Выражение понятий при посредстве зрительных образов, или идеография, имеет в современности гораздо более широкое значение, чем принято думать. Идеографические знаки имели собственное существование и значение независимо от языка словесного, а потому в некотором отношении идеографическая письменность может быть названа универсальным языком человечества» [2] Symbolarium (Словарь символов) // Под редакцией проф. П.А. Флоренского и проф. А. И. Ларионова. – Прим. ред.
. Я буду стараться употреблять термины «идеография» и «идеографический язык» в вероятностном приближении понимания этих терминов пониманию отца Павла. Поэтому уточняю для себя, что и фонетический язык, графлением букв передающий «мысли», так же символичен, ибо язык, конечно же, не «вещь» и не «идея», но «символ», а потому идеография как символика идей, как припоминание в символо-творчестве, как знаковость не стоит в некоем абсолютном противостоянии словесному языку. Возможен перевод. Для христианского миросозерцания, кое я исповедую, органично присуще осмысление мира и жизни как символов Текста, явленного Изречением Бога Живого в семидневном творческом глаголании…

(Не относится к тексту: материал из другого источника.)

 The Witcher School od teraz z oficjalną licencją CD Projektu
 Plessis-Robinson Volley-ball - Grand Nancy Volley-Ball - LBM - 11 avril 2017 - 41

…Наивысшее припоминание Текста, наивысшее символо-творчество есть претворение себя в икону, идеограмму церкви с ее таинствами, Ее премудростью, коренящейся в Боге и Его безначальных созерцаниях светомышления в Трисиятельном Нетварном Свете. Этот Свет в Его Нетварном Светописании есть вечная память Творца, аналогом которой явлена Изреченная Премудрость как память Вселенной, припоминая которую и чрез которую восходит святой в память Божию. Святой делается символом памяти Божией, символом истины, пути и жизни по образу Господа Иисуса Христа. Его аскетическое «художество художеств», ориентированное на непрестанную молитву, творит его в члена церкви, в единицу Текста, имеющую всю полноту целого при неслиянной специфичности частного. Ибо и целое, и части его коренятся и обретают свою полноту в сознании Творца. Но как каждая «буква» каждого «слова» не может быть мыслима вне полноты и раздельности, так каждая «связь» букв в словах и слов во фразы так же коренится в сознании; как каждая «точка» каждой черточки каждой «буквы» не может быть изъята, чтобы не нарушить букву, а в ней и слово, и фразу, так и каждый святой как член церкви, как единица тела ТЕКСТА-ПРЕМУДРОСТИ получает всю полноту благословения седьмого дня при сохранении собственной единичности, ибо гармония Текста коренится не в эволюционных метаморфозах, но в дискретности уровней «силы и места» Изречения, являющегося манифестацией воли Творца, сознания Творца.